* _Action item_
Each line from the one containing "Rock and wind - Framed canvas in an interior" through the last line of the records is to be repeated exactly, with all pictures left out.

Input records section start

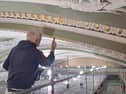 Finishig touches . The finishing touches are applied to the ceiling at St Mary's church in Clonmel
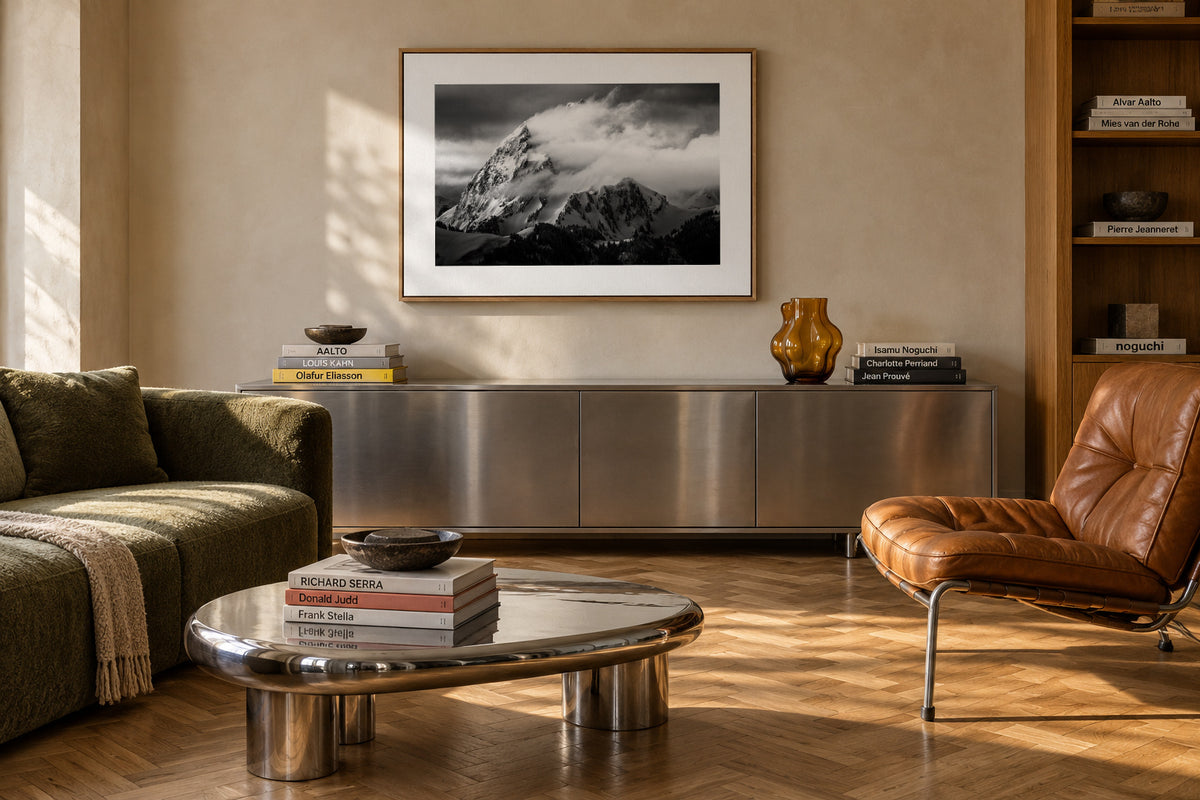 Rock and wind - Framed canvas in an interior
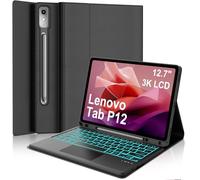 WAVATA Clavier pour Lenovo Tab P12 12.7" 2023 avec Pavé Tactile, Étui Clavier pour Lenovo P12 Magnétique Rétroéclairé Bluetooth Amovible AZERTY Français, Noir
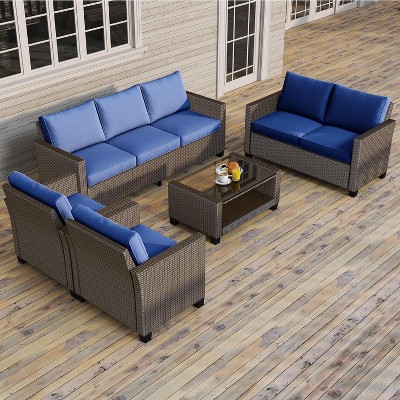 Outdoor Modern Patio Conversation Set, PE Wicker with Glass Coffee Table for Backyard, Garden, Pool Decks, Blue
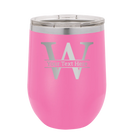 Personalized pink 12 oz vacuum insulated wine cup with 'Monogram letter W' design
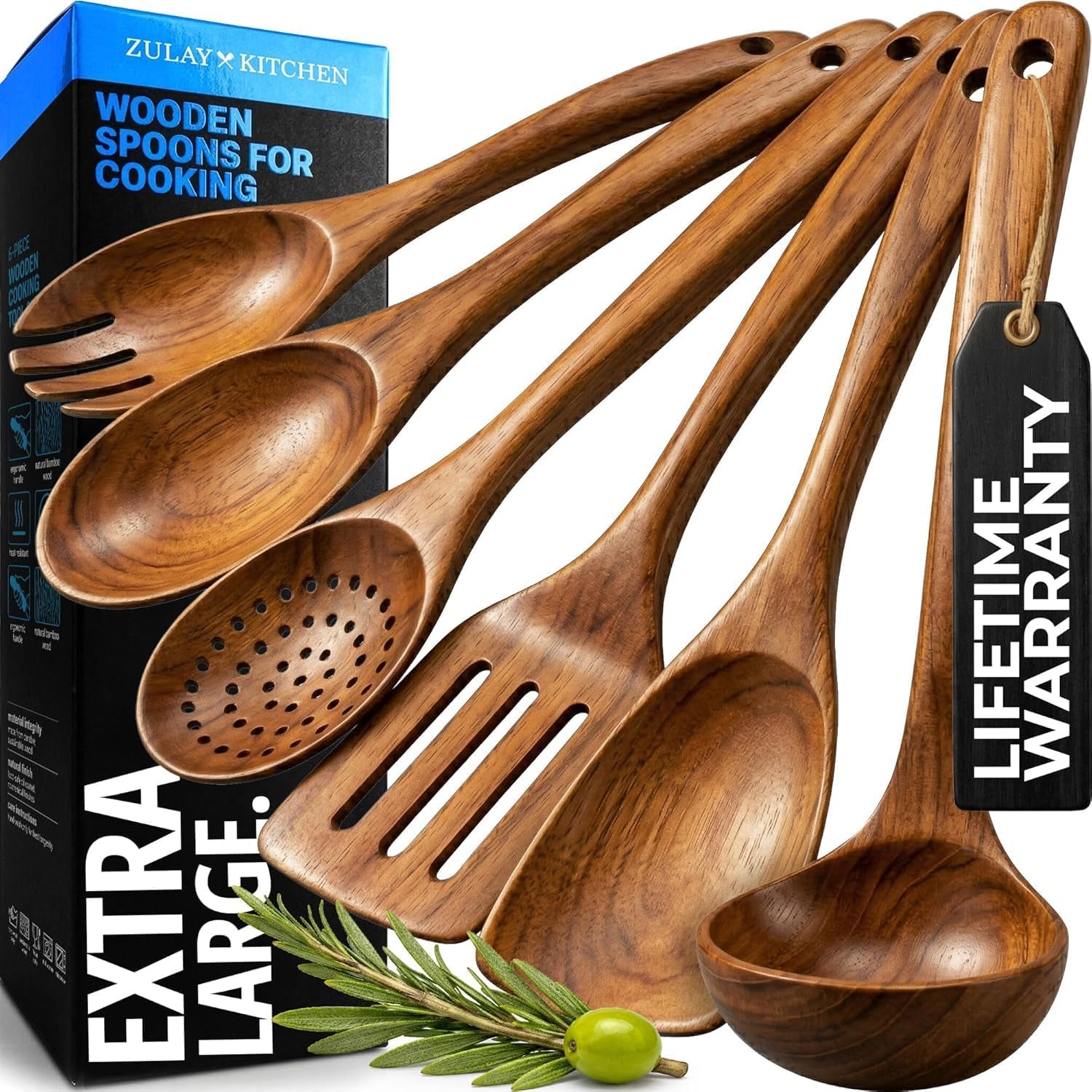 extra-large-6-piece-wooden-spoon-set-smooth-teak-cooking-utensils-comfort-grip-non-stick-turner-spatula-skimmer-fork-serving-spoon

Input records section end

* _Response area_
 Rock and wind - Framed canvas in an interior
 WAVATA Clavier pour Lenovo Tab P12 12.7" 2023 avec Pavé Tactile, Étui Clavier pour Lenovo P12 Magnétique Rétroéclairé Bluetooth Amovible AZERTY Français, Noir
 Outdoor Modern Patio Conversation Set, PE Wicker with Glass Coffee Table for Backyard, Garden, Pool Decks, Blue
 Personalized pink 12 oz vacuum insulated wine cup with 'Monogram letter W' design
 extra-large-6-piece-wooden-spoon-set-smooth-teak-cooking-utensils-comfort-grip-non-stick-turner-spatula-skimmer-fork-serving-spoon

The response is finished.